Personnel expenses has slightly decline by 5.68% of revenue from operations in F.Y 2022-23. Total cost stood at 1886.39 Lakh in FY 2023 against 1873.46 Lakh for FY 2022, the increase was due to retrenchment & operational and administration expenses.

Return on Net Worth

Return on Net Worth increased on account of strong growth in profit after tax during the year.

The companys has generated profit after tax 1825.34 Lakh in the FY 2022-23 as compare to 798.17 in the FY 2021-22. .

9. STRENGTH

Core competency in the unexplored market segment and huge growth prospects in honey and honey related products marks the strength of the Companys product.

10. INDUSTRIAL RELATIONS AND HUMAN

RESOURCE MANAGEMENT:

In an ever-increasing competitive and challenging world, Apis India continues to focus on its people pillar as a key to achieve its core objective of sustainable growth and social objectives. The Company acknowledges the role of the Human Resource (HR) community as a strategic business partner in the organization and continues to invest in a wide variety of HR activities.

During the year under review, the Company continued with its HR strategy and a sharp focus on the following themes:

Employee Engagement

With One Family as one of the core values of the Company, it actively engages with the employees at all levels. The Company looks at engagement as beyond the traditional event- based engagement programmes and at a holistic engagement initiative where the endeavor is to provide clear job knowledge; clarity about the scope of opportunities (both horizontal and vertical); an environment, which promotes learning and sharing; open communication and others. The Company endeavors to provide an engaging environment by ensuring that the above parameters are met. A robust Internal Job Posting system ensures that employees are aware of available prospects. The leadership team actively participates in the quarterly town halls as it answers any and every questions from the employees. Finally, each location has a list of events to continuously engage with the employees and, at times, their families as well. The Hungary plant has a regular programme for employees and their family members called Family Factory Visit and gives an opportunity to the closest relatives of the employees to visit the plant. The Indian plants held various events like festival celebrations, Womens Day celebrations, running and wellness programmes and others.

Performance Management

The performance management process, Horizon, completed its third annual cycle. The Companys performance management system gives ample opportunities to each employee to discuss not only about the performance but also the opportunities available in the organization.

Talent Management

In an increasingly competitive world, talent management has become a key focus area for the HR function in the organisation. The Company actively endeavors that its employees look at job enlargement and rotation opportunities. For the Company, supporting such a journey is a win-win arrangement wherein employees discover avenues of growth and the organisation can leverage well-inducted candidates with a deep understanding of its business and culture. Multiple people across the organisation were given the opportunity to work in new functions or move to a new location.

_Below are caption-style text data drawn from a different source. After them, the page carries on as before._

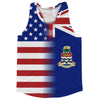 American Flag And Cayman Islands Flag Combination Running Racerback Singlet Track Tank Top by Tribe Lacrosse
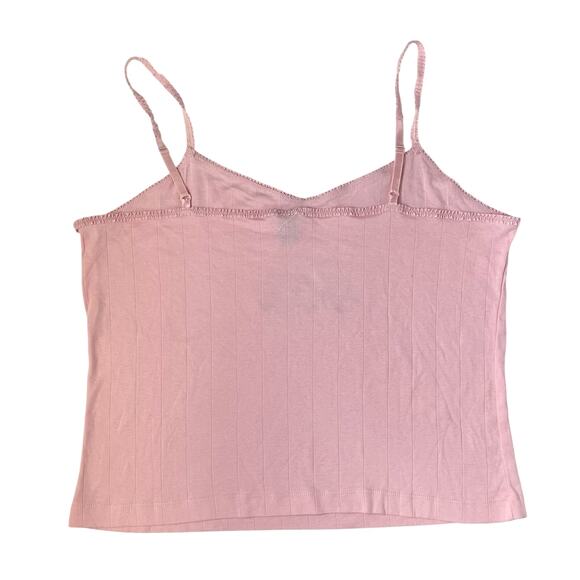 Y2K Pink Ribbed Tank Top L Sparkle Stars Camisole Graphic 00s Bratz Fairy Cute - Picture 2 of 7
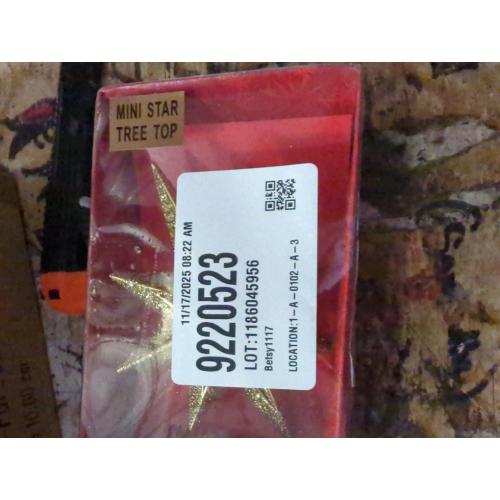 Kurt S. Adler Christmas Star Mini Tree Topper Star Burst 6.75 inch Gold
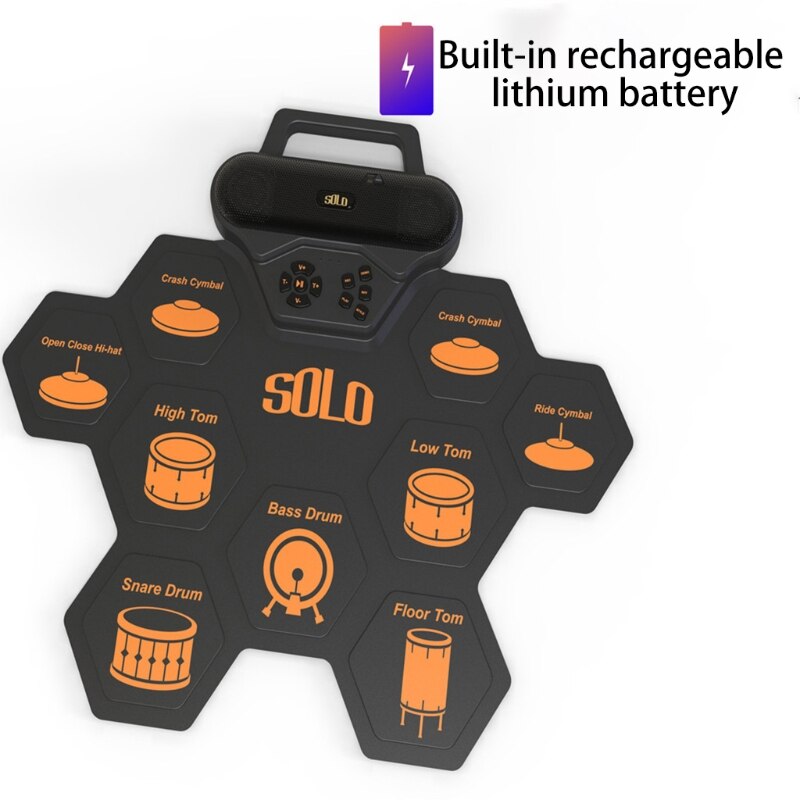 Electric Drum Set for Beginners kids, Digital Portable & Roll up Practice Drum Pads Midi Drum kit with Headphone Jack Pedals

As on March 31, 2023, in all there were 189 employees on the rolls of the Company. Industrial relations situation in units of the Company continued to be cordial and peaceful.

11. CAUTIONARY STATEMENT:

Statement in this report describing the Companys objectives, projections, estimates and expectations may be forward looking statements within the meaning of applicable laws and regulations. Although we believe our expectations are based on reasonable assumptions, these forwardlooking statements may be influenced by numerous risks and uncertainties which includes raw material availability, prices, cyclical demand and changes in government regulation, tax regimes and other incidental factors that could cause actual outcomes and results to be materially different from those expressed or implied.